(Records from a data collection)
********
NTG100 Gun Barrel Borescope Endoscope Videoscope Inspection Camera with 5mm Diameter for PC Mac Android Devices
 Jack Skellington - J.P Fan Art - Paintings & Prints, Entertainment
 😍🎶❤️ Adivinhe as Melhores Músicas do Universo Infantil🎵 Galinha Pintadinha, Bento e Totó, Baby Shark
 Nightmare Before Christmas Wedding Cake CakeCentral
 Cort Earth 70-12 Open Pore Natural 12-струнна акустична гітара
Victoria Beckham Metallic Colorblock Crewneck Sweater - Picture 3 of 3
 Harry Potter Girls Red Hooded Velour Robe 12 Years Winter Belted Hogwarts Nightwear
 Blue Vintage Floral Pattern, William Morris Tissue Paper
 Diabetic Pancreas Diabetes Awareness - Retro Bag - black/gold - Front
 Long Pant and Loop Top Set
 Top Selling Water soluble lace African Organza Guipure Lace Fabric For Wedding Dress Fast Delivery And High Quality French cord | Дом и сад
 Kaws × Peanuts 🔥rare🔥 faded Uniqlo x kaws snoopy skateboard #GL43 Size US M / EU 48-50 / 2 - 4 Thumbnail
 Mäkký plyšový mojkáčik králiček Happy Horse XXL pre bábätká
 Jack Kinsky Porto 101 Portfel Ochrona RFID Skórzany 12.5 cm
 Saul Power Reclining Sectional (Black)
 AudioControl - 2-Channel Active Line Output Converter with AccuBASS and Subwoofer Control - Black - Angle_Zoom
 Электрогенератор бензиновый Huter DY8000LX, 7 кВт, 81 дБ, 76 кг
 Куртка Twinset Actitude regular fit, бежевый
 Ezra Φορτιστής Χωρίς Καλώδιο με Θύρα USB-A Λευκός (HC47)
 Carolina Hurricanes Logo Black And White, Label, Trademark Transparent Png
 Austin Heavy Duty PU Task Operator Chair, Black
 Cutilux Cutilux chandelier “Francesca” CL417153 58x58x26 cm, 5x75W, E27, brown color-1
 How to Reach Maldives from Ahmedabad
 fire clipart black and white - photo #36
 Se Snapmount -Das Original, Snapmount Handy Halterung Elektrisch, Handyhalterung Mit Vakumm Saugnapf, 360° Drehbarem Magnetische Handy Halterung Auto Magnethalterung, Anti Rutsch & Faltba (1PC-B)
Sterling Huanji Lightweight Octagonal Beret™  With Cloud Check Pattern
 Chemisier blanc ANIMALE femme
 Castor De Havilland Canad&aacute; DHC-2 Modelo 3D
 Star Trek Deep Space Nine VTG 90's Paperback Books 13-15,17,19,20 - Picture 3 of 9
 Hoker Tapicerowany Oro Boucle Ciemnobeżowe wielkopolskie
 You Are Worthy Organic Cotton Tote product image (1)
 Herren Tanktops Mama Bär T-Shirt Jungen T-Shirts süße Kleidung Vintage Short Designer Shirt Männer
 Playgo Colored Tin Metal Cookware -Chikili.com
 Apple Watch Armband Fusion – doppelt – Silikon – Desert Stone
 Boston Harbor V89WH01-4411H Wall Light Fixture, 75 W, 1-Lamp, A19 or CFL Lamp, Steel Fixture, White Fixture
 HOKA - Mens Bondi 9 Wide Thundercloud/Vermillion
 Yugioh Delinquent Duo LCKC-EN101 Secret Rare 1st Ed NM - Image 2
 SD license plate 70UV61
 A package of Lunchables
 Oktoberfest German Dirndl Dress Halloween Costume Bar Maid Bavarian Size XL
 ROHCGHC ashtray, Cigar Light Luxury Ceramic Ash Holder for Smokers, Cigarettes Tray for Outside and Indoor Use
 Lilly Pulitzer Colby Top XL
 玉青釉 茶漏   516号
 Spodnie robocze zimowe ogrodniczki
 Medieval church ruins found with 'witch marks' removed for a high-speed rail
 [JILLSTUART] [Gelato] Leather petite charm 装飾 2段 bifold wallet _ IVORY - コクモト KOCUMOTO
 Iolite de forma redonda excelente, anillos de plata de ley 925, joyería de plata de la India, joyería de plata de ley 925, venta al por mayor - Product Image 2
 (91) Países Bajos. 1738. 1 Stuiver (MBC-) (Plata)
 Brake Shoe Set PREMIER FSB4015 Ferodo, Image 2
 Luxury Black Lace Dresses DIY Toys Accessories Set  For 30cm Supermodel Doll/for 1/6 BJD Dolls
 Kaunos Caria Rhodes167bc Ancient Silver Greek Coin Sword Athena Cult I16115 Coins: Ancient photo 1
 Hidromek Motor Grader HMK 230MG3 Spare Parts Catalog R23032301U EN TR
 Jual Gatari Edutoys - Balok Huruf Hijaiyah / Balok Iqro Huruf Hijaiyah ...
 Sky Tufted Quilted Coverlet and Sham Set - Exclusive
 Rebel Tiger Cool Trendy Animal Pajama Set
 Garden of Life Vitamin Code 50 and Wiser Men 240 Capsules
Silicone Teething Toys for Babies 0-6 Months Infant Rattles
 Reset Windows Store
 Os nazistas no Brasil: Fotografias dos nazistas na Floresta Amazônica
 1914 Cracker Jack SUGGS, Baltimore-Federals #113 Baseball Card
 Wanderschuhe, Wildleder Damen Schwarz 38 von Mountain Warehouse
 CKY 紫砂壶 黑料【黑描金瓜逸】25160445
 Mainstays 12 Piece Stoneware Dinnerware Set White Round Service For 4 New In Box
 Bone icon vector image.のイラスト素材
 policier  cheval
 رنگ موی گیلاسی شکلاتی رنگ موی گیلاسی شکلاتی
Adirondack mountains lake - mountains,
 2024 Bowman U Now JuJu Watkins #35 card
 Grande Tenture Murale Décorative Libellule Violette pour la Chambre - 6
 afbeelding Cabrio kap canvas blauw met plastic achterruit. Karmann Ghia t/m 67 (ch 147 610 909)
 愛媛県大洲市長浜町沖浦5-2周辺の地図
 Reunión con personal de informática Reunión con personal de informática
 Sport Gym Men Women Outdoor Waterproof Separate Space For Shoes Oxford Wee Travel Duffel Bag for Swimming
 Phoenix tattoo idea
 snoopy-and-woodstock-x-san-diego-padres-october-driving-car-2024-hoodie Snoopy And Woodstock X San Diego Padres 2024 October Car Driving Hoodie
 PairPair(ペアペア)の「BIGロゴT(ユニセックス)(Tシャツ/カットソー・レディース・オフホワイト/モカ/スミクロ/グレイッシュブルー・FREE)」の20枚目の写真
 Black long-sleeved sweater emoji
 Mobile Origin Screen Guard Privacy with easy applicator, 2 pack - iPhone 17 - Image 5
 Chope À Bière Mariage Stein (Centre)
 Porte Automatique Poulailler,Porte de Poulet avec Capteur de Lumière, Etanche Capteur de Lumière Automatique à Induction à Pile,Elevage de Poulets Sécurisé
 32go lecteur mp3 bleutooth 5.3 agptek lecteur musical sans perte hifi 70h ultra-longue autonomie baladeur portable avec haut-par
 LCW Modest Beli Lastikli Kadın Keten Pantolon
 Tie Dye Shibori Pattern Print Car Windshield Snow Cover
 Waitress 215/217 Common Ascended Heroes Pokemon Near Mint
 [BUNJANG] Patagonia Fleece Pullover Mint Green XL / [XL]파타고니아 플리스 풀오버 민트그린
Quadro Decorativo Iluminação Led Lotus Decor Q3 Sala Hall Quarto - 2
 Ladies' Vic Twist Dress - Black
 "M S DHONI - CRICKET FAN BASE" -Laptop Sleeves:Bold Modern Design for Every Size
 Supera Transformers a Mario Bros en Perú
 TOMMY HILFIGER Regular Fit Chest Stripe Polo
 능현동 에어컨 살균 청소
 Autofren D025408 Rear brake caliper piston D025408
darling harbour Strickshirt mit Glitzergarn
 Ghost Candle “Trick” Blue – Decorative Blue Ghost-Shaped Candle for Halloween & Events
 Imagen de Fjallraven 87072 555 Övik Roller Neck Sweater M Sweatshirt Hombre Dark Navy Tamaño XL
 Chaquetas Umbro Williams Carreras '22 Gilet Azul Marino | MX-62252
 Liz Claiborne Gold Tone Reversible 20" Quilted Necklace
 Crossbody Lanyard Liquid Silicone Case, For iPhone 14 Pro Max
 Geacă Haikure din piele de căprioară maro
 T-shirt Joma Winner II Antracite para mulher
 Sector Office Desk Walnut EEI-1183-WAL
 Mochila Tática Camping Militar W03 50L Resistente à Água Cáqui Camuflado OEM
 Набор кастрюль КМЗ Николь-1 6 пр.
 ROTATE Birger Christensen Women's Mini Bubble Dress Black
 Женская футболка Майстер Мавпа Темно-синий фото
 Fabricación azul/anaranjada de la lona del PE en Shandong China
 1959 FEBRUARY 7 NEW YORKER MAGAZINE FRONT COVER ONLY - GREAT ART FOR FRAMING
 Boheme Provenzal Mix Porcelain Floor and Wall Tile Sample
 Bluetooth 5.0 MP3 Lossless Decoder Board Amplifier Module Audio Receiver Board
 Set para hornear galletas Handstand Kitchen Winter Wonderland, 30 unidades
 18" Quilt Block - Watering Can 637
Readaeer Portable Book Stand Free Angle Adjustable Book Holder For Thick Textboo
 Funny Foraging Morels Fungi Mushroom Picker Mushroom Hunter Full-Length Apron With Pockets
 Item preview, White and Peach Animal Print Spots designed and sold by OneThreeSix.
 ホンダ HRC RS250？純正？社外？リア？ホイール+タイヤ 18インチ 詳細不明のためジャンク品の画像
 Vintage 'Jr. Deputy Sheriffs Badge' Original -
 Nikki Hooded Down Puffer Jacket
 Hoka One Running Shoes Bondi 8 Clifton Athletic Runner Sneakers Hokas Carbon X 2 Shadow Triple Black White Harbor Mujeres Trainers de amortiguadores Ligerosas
********
▶ [WORK INSTRUCTIONS]
Give back precisely the lines above that start at the line containing "Item preview, White" and end at the line containing "Nikki Hooded Down Puffer Jacket", inclusive. No other lines belong in the output.

▶ [ANSWER FOR THIS EXERCISE]
 Item preview, White and Peach Animal Print Spots designed and sold by OneThreeSix.
 ホンダ HRC RS250？純正？社外？リア？ホイール+タイヤ 18インチ 詳細不明のためジャンク品の画像
 Vintage 'Jr. Deputy Sheriffs Badge' Original -
 Nikki Hooded Down Puffer Jacket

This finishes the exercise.